How consumers are affected by the economy and inflation, and how they feel about other things going on in the world around them, all factor into their buying decisions or saving habits, he said.

“It’s going to take a prolonged period of real wage growth and fairly stable policy outcomes for consumers to feel more comfortable and confident about the economy and their future,” Leer said.

O’Connor said that time may have come and just not yet reached data and surveys. “Goods are almost returned to normal,” he said. “China is now reopened.”

Because housing and homeownership are top priorities for most consumers, the real estate market may be a canary in the economic coal mine.

“Housing prices are beginning to flatten but continue to resist declines as buyer interest perks up,” Leer said. “Buyers are still waiting in the wings, interested in purchasing a home as soon as they’re able to do so financially.”

Survey data that Morning Consult captured in December to gain insight into consumer attitudes and concerns weren’t good. Credit balances were at the highest rates since its tracking began, Leer said.

“Research shows more consumers are finding it difficult to make ends meet at the end of the month, and the share of adults able to save each month continues to shrink,” Leer said.

Inflation is still the major drawback, even though it is cooling, Leer said.

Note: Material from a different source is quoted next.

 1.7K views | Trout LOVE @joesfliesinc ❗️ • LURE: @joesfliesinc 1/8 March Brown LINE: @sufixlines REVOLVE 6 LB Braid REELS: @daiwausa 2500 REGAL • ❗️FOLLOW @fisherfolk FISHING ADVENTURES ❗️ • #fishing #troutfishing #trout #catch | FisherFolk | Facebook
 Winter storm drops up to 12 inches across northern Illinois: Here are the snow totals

“Consumers are under financial stress, and they’re trying to downsize their spending,” Leer said. “Over the last two months, what we’re seeing is the outlook for the U.S. economy has really deteriorated, particularly among consumer fronts. Consumers have exhausted their sources of spending.

“We expect to see consumers continue to draw back from spending as small business and other sectors reduce hiring, expenditures and otherwise also contract,” Leer said.

Linda Hildebrand is a longtime newspaper editor and consumer-action reporter.